Empirical Risk Minimization (ERM)

I think the idea is actually really simple, replace the theoretical with empirical values, and it works by Law of Large Numbers.

Goal (ideal): find parameters $w$ that minimize the expected risk

$$w^{\star }=\arg \underset{w}{\min }{\mathbb{E}}_{(x,y)\sim P}[{\ell }_w(x,y)].$$

• Problem: the true distribution $P$ is unknown; we only have samples $\{(x_i,y_i){\}}_{i=1}^n\sim P$.

What we do instead

• Use the empirical distribution defined by the dataset and minimize the empirical risk:

$${\hat{R}}_n(w)=\frac{1}{n}\sum _{i=1}^n{\ell }_w(x_i,y_i),\hat{w}=\arg \underset{w}{\min }{\hat{R}}_n(w).$$

---

Why this makes sense

• By the Law of Large Numbers

$${\hat{R}}_n(w)\underset{n\to \infty }{\to }R(w):={\mathbb{E}}_{(x,y)\sim P}[{\ell }_w(x,y)]$$

meaning that as we collect more samples, the empirical risk approaches the true expected risk.

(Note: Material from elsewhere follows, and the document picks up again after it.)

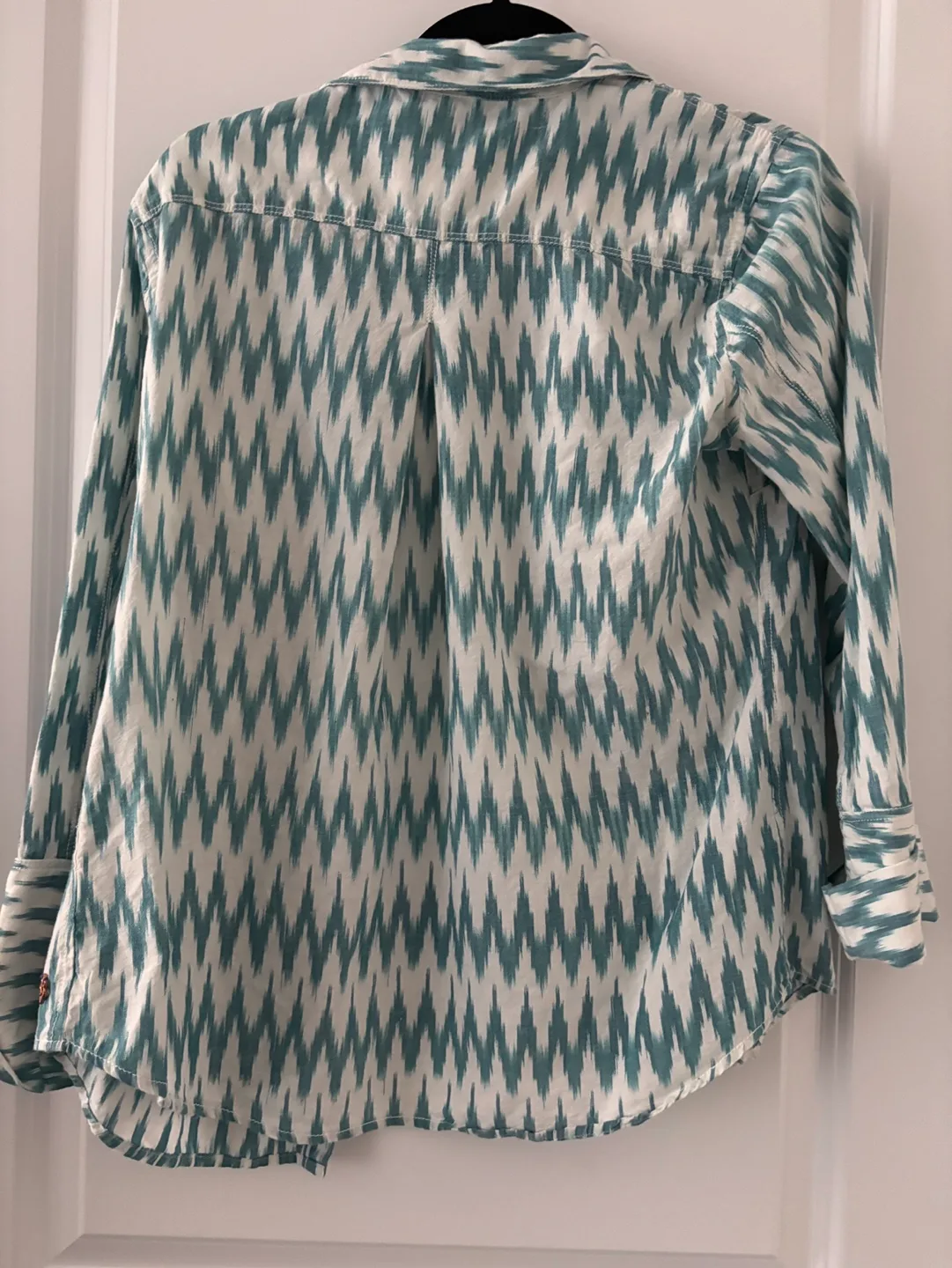 Hatley Women's Cotton Cindy Shirt - Zig Zag Ikat - Small image indicator(2)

• Intuition: with enough data and a well-chosen hypothesis class, minimizing empirical risk approximates minimizing true risk.

Notes

• Hypothesis class: $\mathcal{H}=\{f_w\}$ restricts model complexity and helps generalization.
• Regularized ERM (Structural Risk Minimization):

$$\hat{w}=\arg \underset{w}{\min }[{\hat{R}}_n(w)+\lambda \Omega (w)],$$

where $\Omega (w)$ penalizes complexity (e.g., $\Vert w{\Vert }_2^2$).

• Common losses: MSE for regression, cross-entropy for classification, hinge loss for SVMs.

---

Example

• Linear regression: ${\ell }_w(x_i,y_i)=(w^{\top }{x}_i-y_i{)}^2$
• ERM → minimize $\frac{1}{n}{\sum }_i(w^{\top }{x}_i-y_i{)}^2$